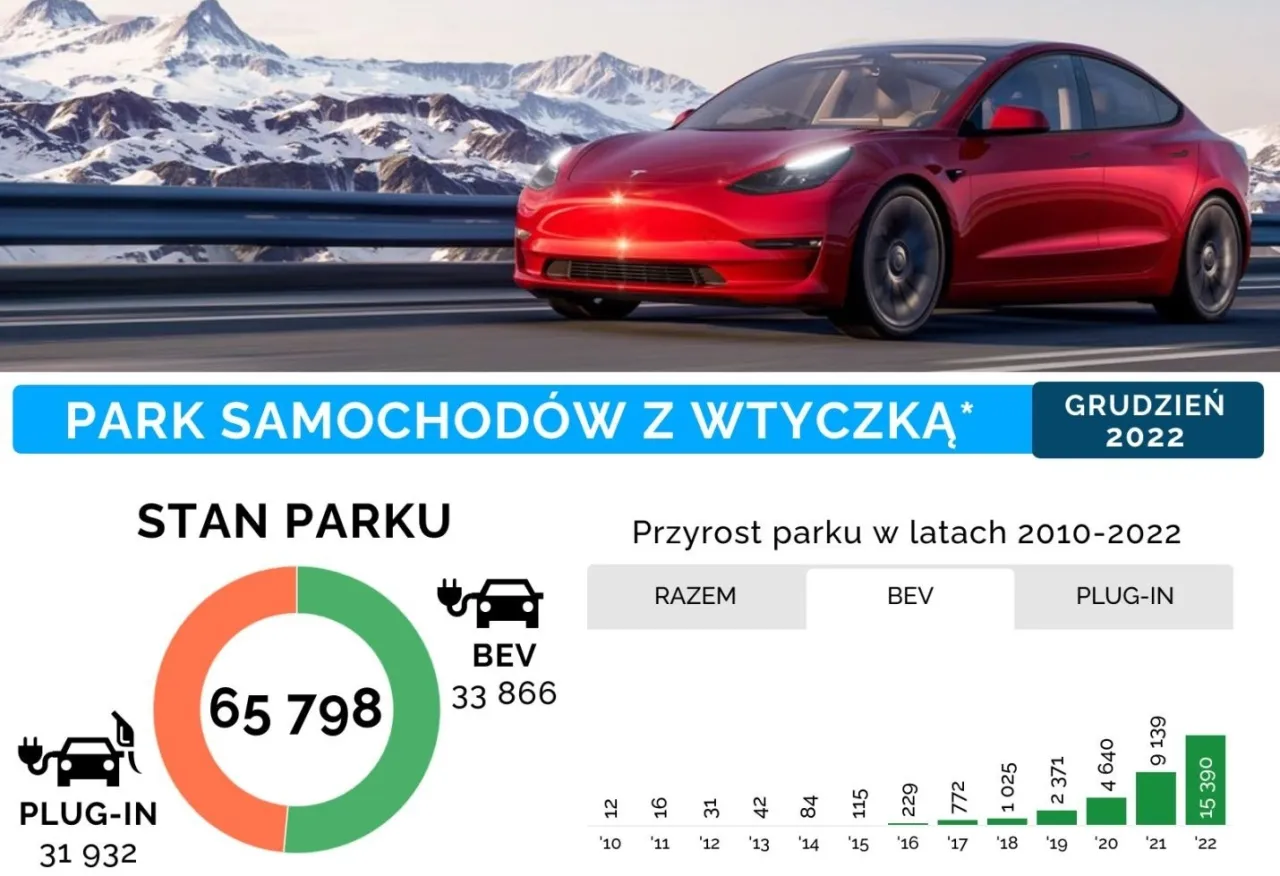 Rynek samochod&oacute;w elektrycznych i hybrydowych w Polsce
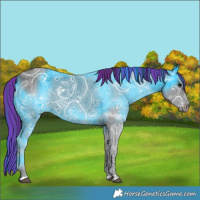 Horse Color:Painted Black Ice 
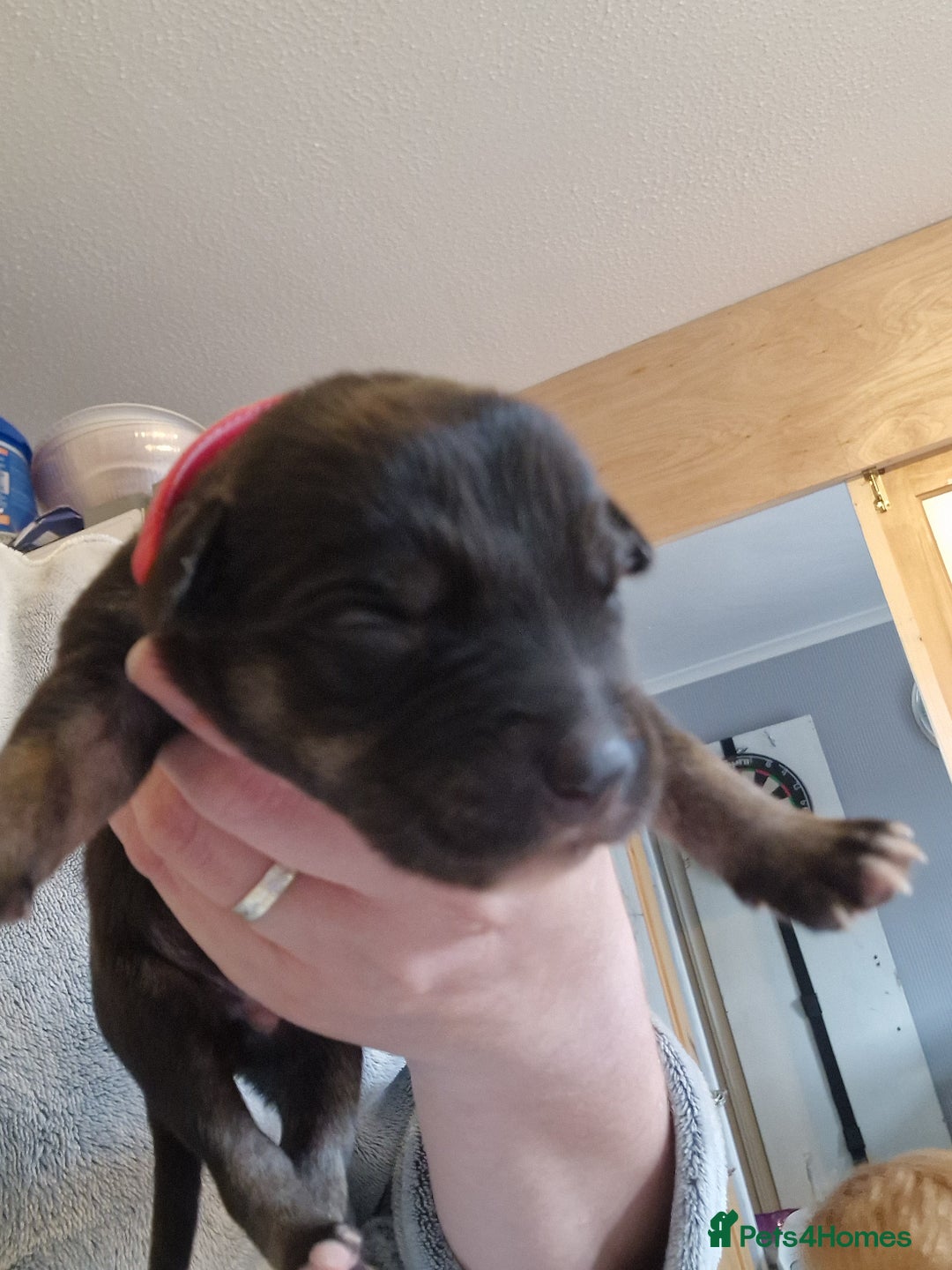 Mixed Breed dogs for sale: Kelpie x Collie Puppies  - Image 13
::::
WHAT THIS TASK INVOLVES = Once the line with "Horse Color:Painted Black Ice" is found, output it and every line after it through the end of the listing, exactly, without pictures.

TASK OUTPUT =
 Horse Color:Painted Black Ice 
 Mixed Breed dogs for sale: Kelpie x Collie Puppies  - Image 13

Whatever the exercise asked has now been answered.